RECORDS FOR THIS EXERCISE:
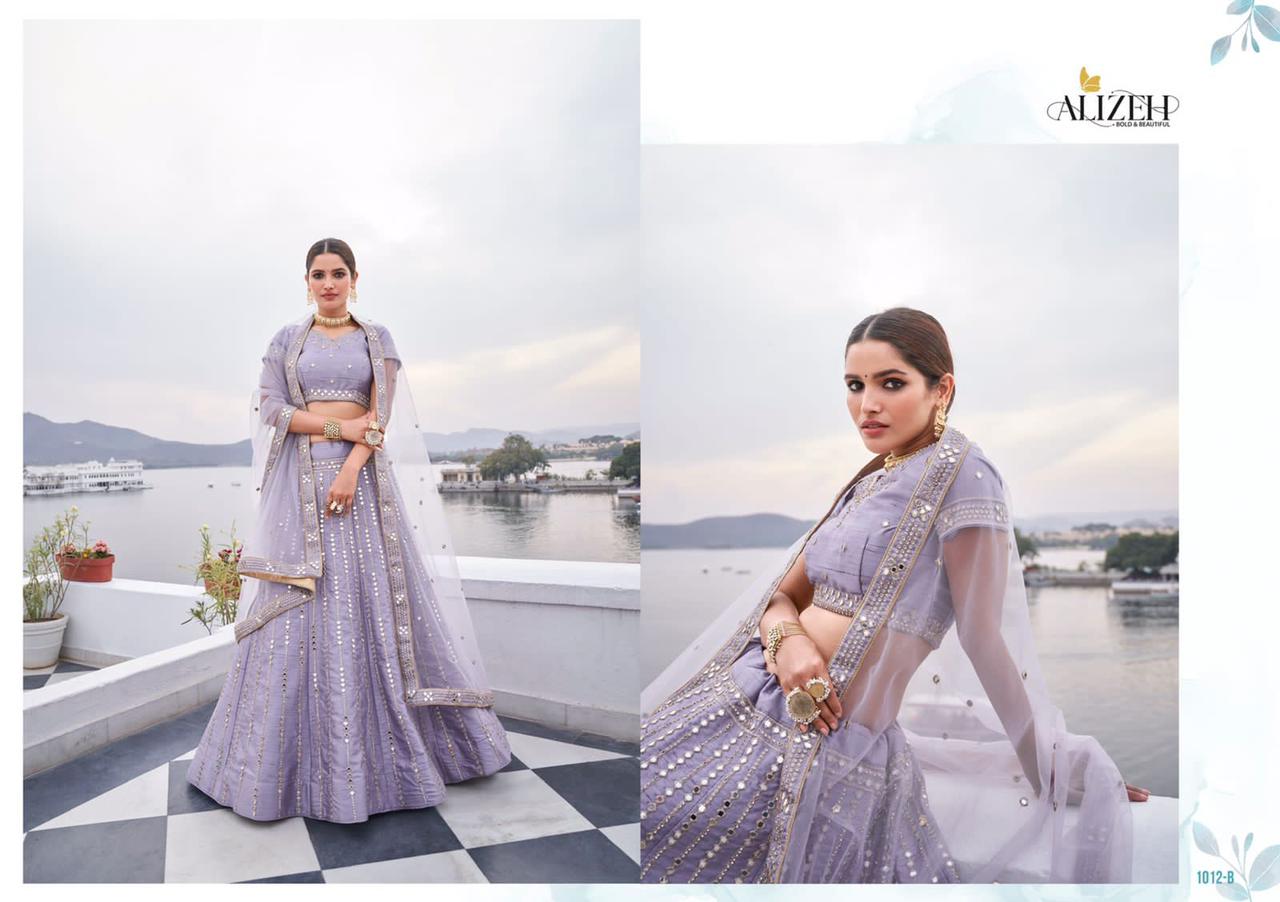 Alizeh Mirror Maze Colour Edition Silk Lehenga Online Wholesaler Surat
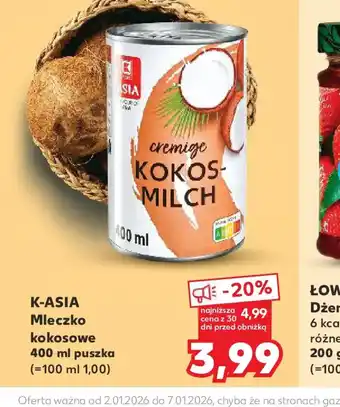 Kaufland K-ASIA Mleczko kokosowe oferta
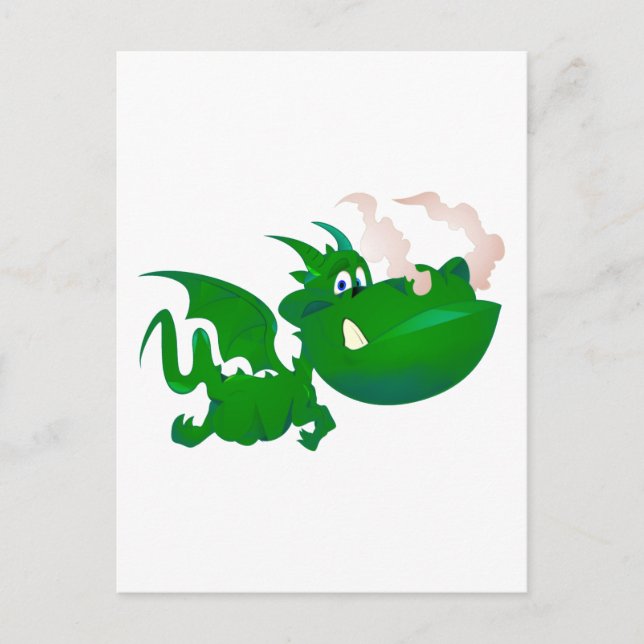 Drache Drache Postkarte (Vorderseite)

* * *

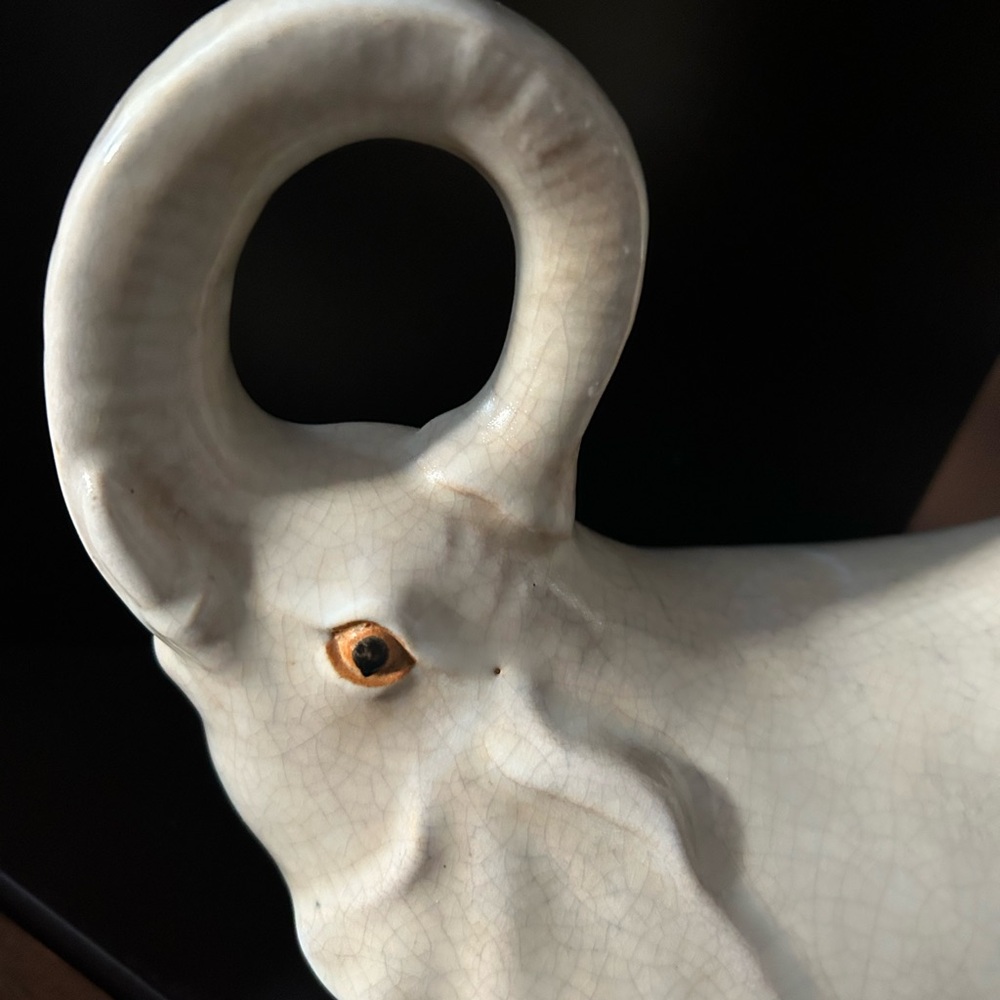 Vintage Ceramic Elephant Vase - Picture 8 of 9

--

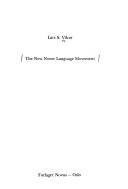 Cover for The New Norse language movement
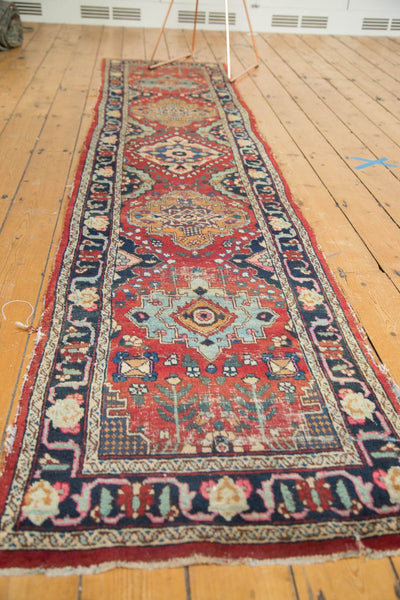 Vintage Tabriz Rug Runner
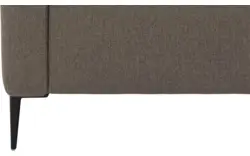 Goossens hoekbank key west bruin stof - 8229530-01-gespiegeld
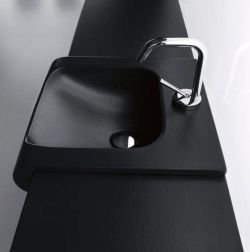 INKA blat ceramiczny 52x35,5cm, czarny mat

PROBLEM DESCRIPTION:
Reproduce exactly the lines above that run from the one with "Alizeh Mirror Maze" to the one with "Drache Drache Postkarte (Vorderseite)", both included, leaving pictures out.

EXERCISE SOLUTION:
 Alizeh Mirror Maze Colour Edition Silk Lehenga Online Wholesaler Surat
 Kaufland K-ASIA Mleczko kokosowe oferta
 Drache Drache Postkarte (Vorderseite)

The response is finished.